Stability studies were carried out according to Das et al. (2011), to assess the stability and integrity of TA loaded SLNs. The TA loaded SLNs showed minor enhancement of the particle size and PI with slight reduction of ZP, EE, and L after 3 months storage at 4°C (Table III). Percent change in PS and EE were 3.4% and 2.5%, respectively, on 3 months storage of SLNs formulations. The changes were insignificant which indicate good physical stability of the SLNs during their storage at 4°C for 3 months.

Table III. Stability study of selected formulation.

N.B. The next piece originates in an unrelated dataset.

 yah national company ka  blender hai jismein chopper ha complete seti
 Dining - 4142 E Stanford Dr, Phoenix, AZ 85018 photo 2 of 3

Storage	Particle size (nm)	PDI	ZP (-mV)	EE (%)	L (%)
Fresh	114.4 ± 1.32	0.018	35.8 ± 0.61	82.21 ± 1.32	1.71 ± 0.032
3 months	118.5 ± 0.16	0.211	32.1 ± 1.24	80.11 ± 1.41	1.68 ± 0.059

Conclusion

In this study, SLNs were successfully prepared by the emulsification–ultrasonication method. Compritol^® 888 ATO demonstrated maximum TA solubilization capacity as compared with other lipids like Precirol^® ATO5, glyceryl monostearate and stearic acid. Poorly water soluble drug TA was efficiently encapsulated into the solid lipid nanoparticles which were further confirmed by XRD and DSC study. Most of the process variables such as lipid concentration, surfactant concentration, drug concentration and sonication time showed significant effect on the formulation properties. The particle size remarkably increased with increasing lipid concentration and drug concentration while opposite tendency for the particle size was observed with increase in sonication time. The particle size of the selected batch was found to be 114.5 ± 1.32 nm. The drug release study exhibited prolonged release from the SLNs following Higuchi release kinetics (R² = 0.9909) as compared with pure drug suspension (Zero order kinetics, R² = 0.994). Stability study confirmed that SLNs were stable for 3 months at 4°C. Furthermore, in vitro skin distribution showed presence of significant amounts of TA into the epidermal layer of skin when treated with TA loaded SLNs suspension demonstrating the systemic escape of drug from TA loaded SLNs. Moreover, selective accumulation of TA in the epidermis might eliminate adverse side effects associated with systemic exposure. The encouraging results obtained in this study could propose this system for future in vivo studies, especially for delivery of other corticosteroids, useful in treatment of various dermal disorders.

Acknowledgement

The authors are thankful to the Director, University Institute of Pharmacy, Pt Ravi Shankar Shukla University Raipur, Chhattisgarh, for providing necessary infrastructural facilities, UGC-BSR for JRF (MP) and UGC-MRP-41-748-2012 for providing financial assistance relating to this work.

Declaration of interest

The authors report no declarations of interest. The authors alone are responsible for the content and writing of the paper.